Pull every line containing the word "Blue" out of the material below.
** Exercise data follows **
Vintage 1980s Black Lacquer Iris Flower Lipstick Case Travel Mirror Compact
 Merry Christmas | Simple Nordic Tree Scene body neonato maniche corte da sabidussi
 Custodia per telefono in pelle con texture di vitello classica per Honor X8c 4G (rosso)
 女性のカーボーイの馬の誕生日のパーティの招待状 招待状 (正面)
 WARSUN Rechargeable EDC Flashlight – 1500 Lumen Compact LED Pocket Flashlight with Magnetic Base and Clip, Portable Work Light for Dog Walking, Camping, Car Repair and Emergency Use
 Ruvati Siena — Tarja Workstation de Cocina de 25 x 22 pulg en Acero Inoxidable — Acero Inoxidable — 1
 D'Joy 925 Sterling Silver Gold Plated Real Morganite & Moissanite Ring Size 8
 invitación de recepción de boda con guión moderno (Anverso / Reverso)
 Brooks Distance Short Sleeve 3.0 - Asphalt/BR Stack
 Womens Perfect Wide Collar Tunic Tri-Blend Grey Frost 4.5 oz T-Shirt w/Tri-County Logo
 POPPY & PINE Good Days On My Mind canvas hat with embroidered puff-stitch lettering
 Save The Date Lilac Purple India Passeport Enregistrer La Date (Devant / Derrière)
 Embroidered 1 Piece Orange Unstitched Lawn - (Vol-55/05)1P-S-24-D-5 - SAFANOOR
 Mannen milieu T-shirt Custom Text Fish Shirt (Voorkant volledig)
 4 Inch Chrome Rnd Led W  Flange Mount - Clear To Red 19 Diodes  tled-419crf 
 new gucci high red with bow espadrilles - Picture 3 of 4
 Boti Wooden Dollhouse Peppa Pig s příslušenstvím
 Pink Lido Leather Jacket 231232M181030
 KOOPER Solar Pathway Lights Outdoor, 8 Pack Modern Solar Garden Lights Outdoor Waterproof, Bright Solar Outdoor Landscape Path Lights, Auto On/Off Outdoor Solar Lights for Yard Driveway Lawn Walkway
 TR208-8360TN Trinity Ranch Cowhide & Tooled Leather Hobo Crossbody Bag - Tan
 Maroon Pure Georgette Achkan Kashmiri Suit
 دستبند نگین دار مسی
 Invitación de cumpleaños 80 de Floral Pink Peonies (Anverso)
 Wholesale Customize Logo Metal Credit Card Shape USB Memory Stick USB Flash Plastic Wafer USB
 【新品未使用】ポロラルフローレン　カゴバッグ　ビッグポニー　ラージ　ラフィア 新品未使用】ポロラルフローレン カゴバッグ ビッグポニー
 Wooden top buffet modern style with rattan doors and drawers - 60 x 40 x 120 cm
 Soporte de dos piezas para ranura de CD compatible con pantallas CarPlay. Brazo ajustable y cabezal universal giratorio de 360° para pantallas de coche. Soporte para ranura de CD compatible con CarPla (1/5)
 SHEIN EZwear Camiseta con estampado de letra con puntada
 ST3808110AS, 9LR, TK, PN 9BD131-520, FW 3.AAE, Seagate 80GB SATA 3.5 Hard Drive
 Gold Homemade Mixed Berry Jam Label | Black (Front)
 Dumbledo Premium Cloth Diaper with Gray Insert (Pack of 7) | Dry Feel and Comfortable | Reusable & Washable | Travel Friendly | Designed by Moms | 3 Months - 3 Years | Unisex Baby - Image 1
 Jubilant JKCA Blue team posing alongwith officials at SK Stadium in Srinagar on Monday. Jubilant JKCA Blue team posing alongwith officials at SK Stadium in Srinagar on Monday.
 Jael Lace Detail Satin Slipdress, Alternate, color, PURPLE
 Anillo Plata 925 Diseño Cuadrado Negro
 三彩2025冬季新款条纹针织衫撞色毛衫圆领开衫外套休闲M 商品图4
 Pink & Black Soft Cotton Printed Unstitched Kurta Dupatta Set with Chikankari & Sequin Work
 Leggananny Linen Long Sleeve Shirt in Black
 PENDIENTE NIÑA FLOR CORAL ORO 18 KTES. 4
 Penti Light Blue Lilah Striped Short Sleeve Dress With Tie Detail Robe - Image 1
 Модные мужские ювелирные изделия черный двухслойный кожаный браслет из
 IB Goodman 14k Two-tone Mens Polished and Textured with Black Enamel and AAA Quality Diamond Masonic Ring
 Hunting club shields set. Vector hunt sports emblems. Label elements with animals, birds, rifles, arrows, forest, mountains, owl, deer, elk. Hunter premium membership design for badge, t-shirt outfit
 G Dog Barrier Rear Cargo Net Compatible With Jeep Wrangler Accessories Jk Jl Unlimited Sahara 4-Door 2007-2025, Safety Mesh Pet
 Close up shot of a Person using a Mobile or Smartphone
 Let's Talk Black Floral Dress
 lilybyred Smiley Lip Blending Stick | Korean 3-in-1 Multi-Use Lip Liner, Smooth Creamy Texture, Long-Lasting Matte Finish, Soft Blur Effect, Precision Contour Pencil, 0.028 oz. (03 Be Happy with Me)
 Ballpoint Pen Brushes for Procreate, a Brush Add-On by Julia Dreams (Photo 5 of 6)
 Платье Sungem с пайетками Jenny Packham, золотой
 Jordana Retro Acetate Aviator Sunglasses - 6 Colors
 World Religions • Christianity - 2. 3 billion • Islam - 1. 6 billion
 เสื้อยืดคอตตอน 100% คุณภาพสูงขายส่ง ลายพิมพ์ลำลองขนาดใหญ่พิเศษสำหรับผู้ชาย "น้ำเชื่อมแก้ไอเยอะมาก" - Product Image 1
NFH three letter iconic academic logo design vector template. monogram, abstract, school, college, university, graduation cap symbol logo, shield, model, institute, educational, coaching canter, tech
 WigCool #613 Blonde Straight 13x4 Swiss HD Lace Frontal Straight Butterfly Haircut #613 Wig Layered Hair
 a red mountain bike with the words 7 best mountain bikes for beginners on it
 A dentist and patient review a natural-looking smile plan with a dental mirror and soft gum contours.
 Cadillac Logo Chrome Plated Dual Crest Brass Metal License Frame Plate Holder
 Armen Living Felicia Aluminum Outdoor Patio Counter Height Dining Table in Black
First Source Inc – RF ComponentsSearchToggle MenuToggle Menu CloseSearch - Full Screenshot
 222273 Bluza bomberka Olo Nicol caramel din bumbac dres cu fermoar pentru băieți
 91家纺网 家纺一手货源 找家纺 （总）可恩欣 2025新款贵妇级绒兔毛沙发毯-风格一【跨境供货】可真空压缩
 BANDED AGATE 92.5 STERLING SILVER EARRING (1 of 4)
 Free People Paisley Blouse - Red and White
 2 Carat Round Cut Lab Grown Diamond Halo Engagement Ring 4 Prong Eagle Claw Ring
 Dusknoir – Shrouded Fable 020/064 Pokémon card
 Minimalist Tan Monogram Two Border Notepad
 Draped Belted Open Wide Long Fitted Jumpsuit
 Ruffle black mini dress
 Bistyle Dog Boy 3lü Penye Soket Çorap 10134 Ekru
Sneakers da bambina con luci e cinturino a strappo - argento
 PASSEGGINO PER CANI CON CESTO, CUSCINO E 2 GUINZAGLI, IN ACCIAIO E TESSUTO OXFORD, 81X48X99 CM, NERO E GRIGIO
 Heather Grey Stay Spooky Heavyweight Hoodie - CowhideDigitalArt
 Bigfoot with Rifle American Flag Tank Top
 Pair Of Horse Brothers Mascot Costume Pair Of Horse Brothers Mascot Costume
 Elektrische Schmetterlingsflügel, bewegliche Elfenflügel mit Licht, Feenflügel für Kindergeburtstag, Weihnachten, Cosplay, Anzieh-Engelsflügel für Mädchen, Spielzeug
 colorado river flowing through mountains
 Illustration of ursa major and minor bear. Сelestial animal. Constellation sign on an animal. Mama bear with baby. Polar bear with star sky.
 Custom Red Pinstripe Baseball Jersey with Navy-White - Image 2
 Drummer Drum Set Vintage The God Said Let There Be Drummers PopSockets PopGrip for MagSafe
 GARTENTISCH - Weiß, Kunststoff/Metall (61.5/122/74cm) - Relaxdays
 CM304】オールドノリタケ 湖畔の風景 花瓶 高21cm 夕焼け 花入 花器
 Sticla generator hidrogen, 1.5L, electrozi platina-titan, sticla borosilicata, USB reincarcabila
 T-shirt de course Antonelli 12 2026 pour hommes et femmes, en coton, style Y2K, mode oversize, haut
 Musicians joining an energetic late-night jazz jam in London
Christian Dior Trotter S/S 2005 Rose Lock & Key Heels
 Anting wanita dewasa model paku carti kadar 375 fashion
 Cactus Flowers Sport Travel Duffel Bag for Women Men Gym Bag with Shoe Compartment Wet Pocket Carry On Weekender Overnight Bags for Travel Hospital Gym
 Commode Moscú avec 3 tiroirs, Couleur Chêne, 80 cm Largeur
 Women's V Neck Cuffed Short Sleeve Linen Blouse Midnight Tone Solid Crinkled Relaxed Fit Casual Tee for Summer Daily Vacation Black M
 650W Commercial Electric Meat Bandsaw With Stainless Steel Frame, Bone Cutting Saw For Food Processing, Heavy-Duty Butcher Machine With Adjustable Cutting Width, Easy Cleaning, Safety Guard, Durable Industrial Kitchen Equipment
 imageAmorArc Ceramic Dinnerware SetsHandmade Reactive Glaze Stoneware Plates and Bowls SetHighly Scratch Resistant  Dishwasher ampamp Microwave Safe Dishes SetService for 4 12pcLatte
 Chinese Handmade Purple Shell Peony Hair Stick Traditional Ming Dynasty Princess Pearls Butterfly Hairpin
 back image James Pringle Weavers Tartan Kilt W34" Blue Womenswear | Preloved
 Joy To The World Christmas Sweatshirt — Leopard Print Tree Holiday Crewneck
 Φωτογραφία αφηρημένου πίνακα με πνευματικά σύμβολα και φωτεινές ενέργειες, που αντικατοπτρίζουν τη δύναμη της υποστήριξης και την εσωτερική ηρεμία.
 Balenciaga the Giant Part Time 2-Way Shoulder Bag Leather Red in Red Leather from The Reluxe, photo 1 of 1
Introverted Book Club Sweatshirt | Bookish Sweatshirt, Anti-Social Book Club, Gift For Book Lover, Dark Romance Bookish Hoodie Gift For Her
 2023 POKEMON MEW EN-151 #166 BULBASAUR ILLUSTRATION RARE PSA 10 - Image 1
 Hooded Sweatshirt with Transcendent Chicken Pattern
** End of Exercise data **
▶ The completed task
 Jubilant JKCA Blue team posing alongwith officials at SK Stadium in Srinagar on Monday. Jubilant JKCA Blue team posing alongwith officials at SK Stadium in Srinagar on Monday.
 Penti Light Blue Lilah Striped Short Sleeve Dress With Tie Detail Robe - Image 1
 back image James Pringle Weavers Tartan Kilt W34" Blue Womenswear | Preloved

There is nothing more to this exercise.